Aaron Powell Because wouldn't that completely paralyze development?

SPEAKER_00 4:30

Well, it doesn't mean cross-validation should just be thrown in the trash. I mean, it remains a highly valuable tool for internal comparison and for tuning the mechanics of the model during development.

SPEAKER_01 4:40

Okay, so it's a tool for iteration.

SPEAKER_00 4:42

The problem is treating it as a shortcut to trust.

SPEAKER_01 4:45

Ah, I get it. So we use cross-validation to build the engine, but we still need a real-world test drive before selling the car.

SPEAKER_00 4:52

That is exactly the solution. Validation has to actually match deployment.

SPEAKER_01 4:55

So a flu model needs temporal validation, like testing it on historical seasons that the model has literally never seen, not just shuffling last year's data.

SPEAKER_00 5:04

Or if it's a hospital risk model, you have to run site-level validation. So testing it across different hospitals to ensure it doesn't just work on one specific facility's patient demographic.

SPEAKER_01 5:15

The goal is to ensure the model survives contact with the real world rather than just testing a fantasy version of the environment.

SPEAKER_00 5:22

Exactly.

SPEAKER_01 5:22

So here is the core takeaway for you as you look at any predictive model in your life or work.

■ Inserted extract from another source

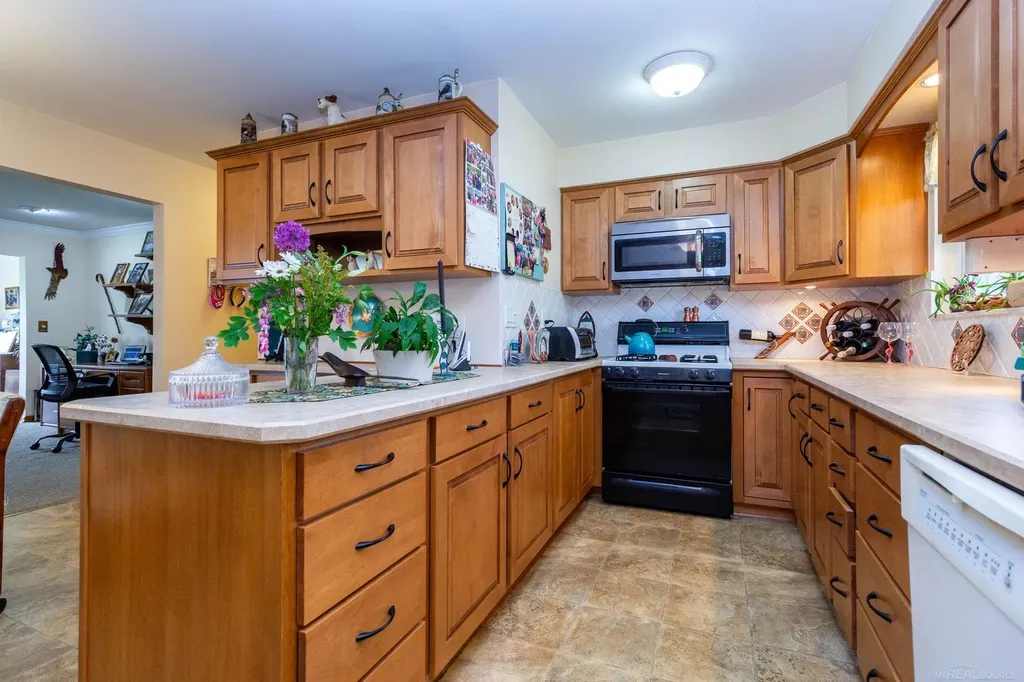 7233 Flamingo Street Clay Township MI 48001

Always ask if it was tested against reality or just a shuffled version of its own past.

SPEAKER_00 5:33

Which leaves us with a really interesting question. If our default scientific models inherently assume a neat static world, what other systems in our daily lives are secretly operating on a fantasy version of reality, just waiting for the glass bottle to break?